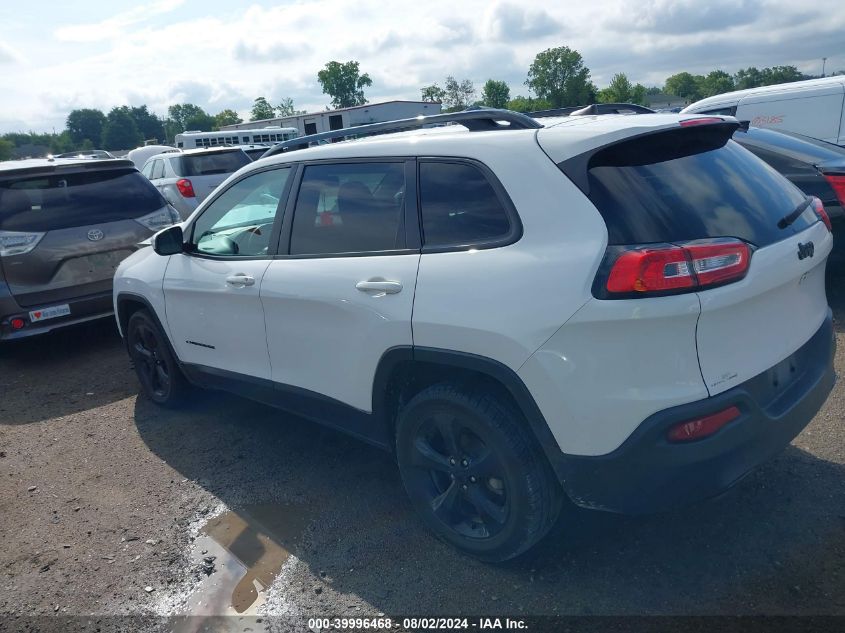 2018 JEEP CHEROKEE LATITUDE FWD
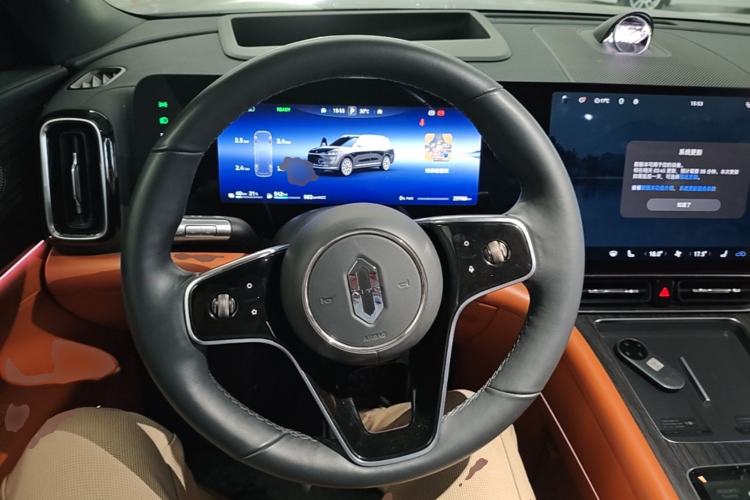 Used Hima AITO M9 2024 Range-Extended Ultra Version 42 kWh 6-Seater Model Steering Wheel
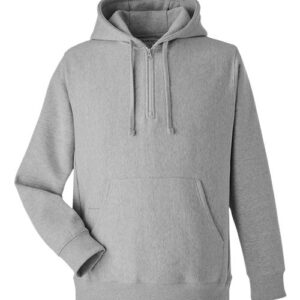 Unisex Zone HydroSport™ Heavyweight Quarter-Zip Hooded Sweatshirt
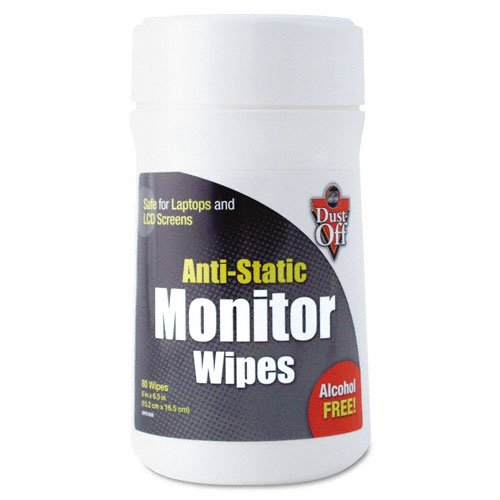 FALDSCT - Dust-off Premoistened Monitor Cleaning Wipes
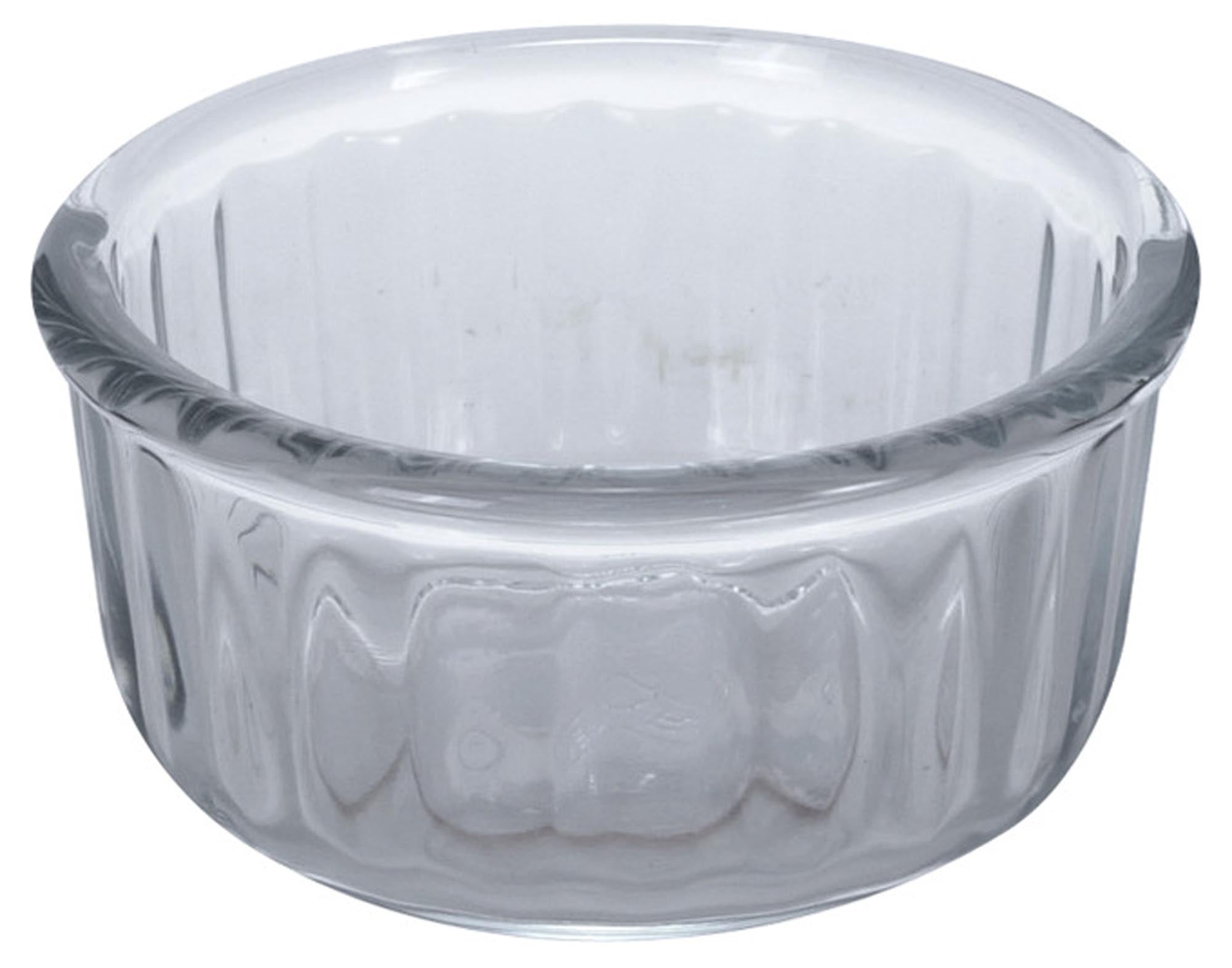 Entdecken Sie das PYREX Ramequin Glas (ø 10 cm) – ideal für Quiches, Aufläufe und Desserts. Hitzebeständig, spülmaschinenfest und perfekt für individuelle Portionen.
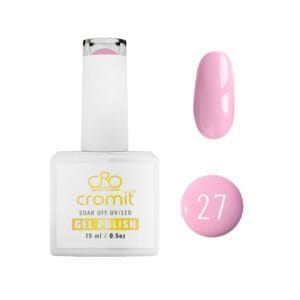 Pink gel nail polish 27 Cromit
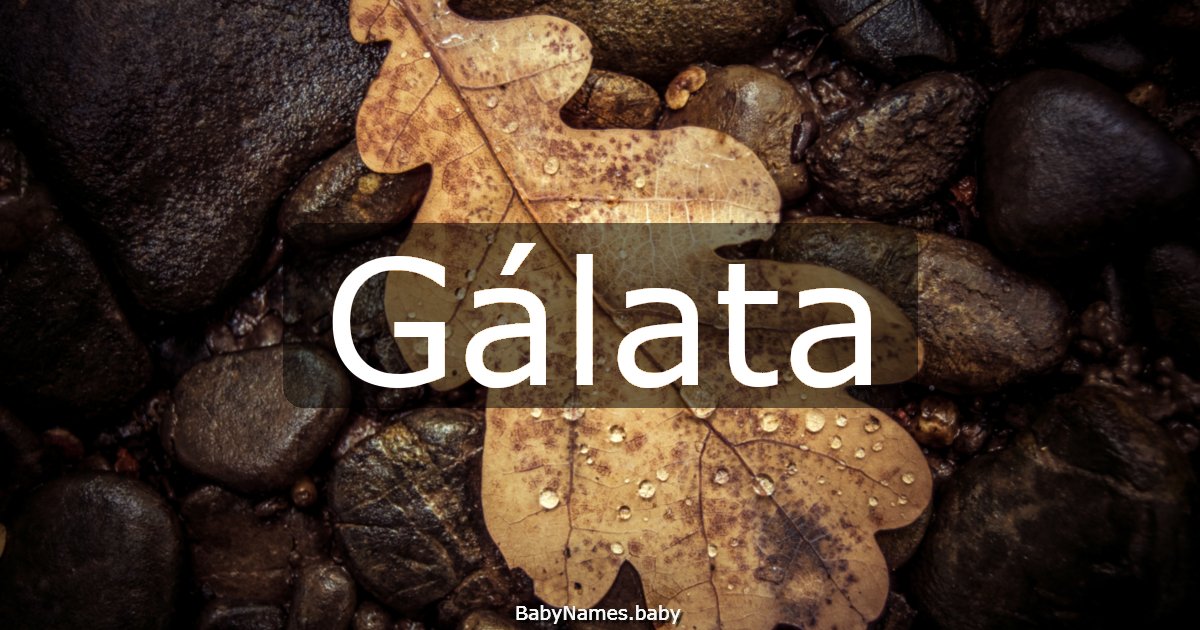 Gálata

* * *

PROBLEM STATEMENT |
Write out the data again word for word, minus any images.

SOLUTION FOR THIS EXERCISE |
 2018 JEEP CHEROKEE LATITUDE FWD
 Used Hima AITO M9 2024 Range-Extended Ultra Version 42 kWh 6-Seater Model Steering Wheel
 Unisex Zone HydroSport™ Heavyweight Quarter-Zip Hooded Sweatshirt
 FALDSCT - Dust-off Premoistened Monitor Cleaning Wipes
 Entdecken Sie das PYREX Ramequin Glas (ø 10 cm) – ideal für Quiches, Aufläufe und Desserts. Hitzebeständig, spülmaschinenfest und perfekt für individuelle Portionen.
 Pink gel nail polish 27 Cromit
 Gálata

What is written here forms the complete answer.